David Duel didn’t think he’d have to lay off 45 of his 52 employees.
But that’s what the 23-year-old and his two partners, Sean Neman, 23, and Kevin Refoud, 25, did in April after their company, ReGreen, didn’t receive $900,000 for water efficiency work from an incentive program run by the Metropolitan Water District of Southern California.
“In every sense, we’ve had to downsize our company,” said Duel in a barren office so new that fresh paint scent was still in the air.
The incentive program provides rebates to customers and vendors such as ReGreen, which installs water-efficient devices, including toilets and washing machines, for clients.
Though the program has been highly successful — the demand has increased threefold in the last two fiscal years — it was suspended in May because of the overwhelming number of requests, said Bob Muir, a spokesman for the MWD. The district sells water to 26 public agencies in Southern California.
“We weren’t able to keep up with the demand that was coming in,” he said this week.
By the time officials did catch up — after adding $20 million in funds to the program, suspending it, then auditing it — they found they still had $14.2 million in outstanding payments to customers and vendors.
Through the audit, the agency found that there had been a breakdown in financial controls and that the organization “failed to stop further rebate application processing once management was aware that the program was oversubscribed,” according to audit documents.
Debra Man, chief operating officer for the district, said the organization’s intent is to pay outstanding debts within the next 30 days.
“We will make every effort to make sure they will be reimbursed,” she said. “We recognize that it is important for us to pay the validated pending payments as soon as possible.”
But it might be too late for some.
Marie Ager, director of California Toilet Replacements, said her family’s business is owed $282,165 for installing high-efficiency toilets in multifamily apartments in Los Angeles, San Diego and Burbank.
“We pay for all the toilets.

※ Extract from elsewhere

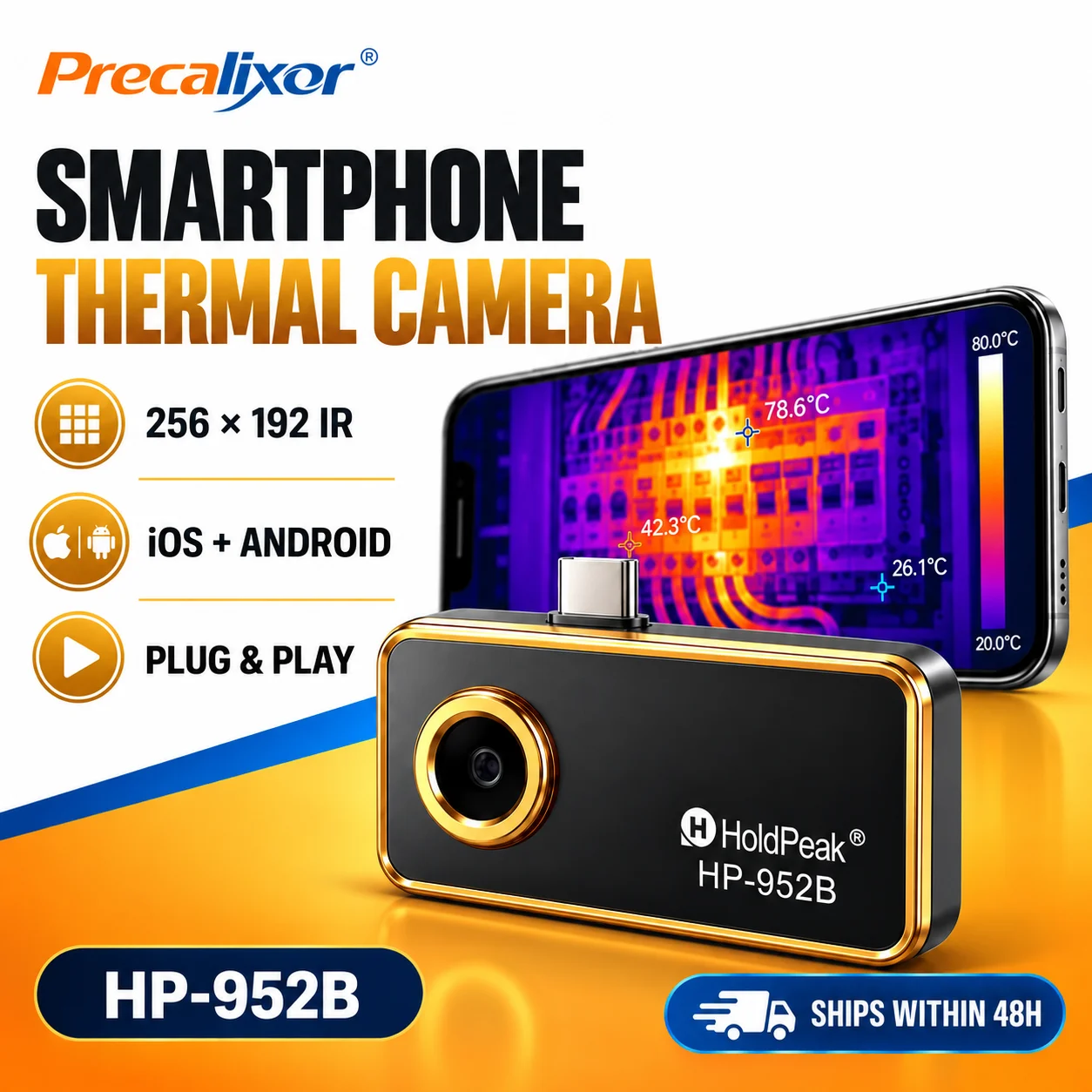 256x192 Smartphone Thermal Camera 25Hz Infrared Imager for iPhone Android -20°C to 550°C IP54 Portable IR Temperature Detector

We paid the plumbers. We did the work,” Ager said.
Ager said she’s not doing business anymore because she can’t afford to pay plumbers or buy the toilets from vendors.
“Our credit’s been cut off,” she said.
She has mortgaged her house and so has her father.
“I’m going to lose my house, and my father is going to lose his house if they don’t pay us,” she said.
As for ReGreen, the company’s 7,000-square-foot building in downtown Los Angeles is almost empty except for some energy-efficient lightbulbs and remnants of empty cubicles. The company has restructured to focus less on rebates from government agencies and more on green consulting for businesses, and it is starting to bustle again, like it did before this spring.
“We’re just trying to survive,” Duel said.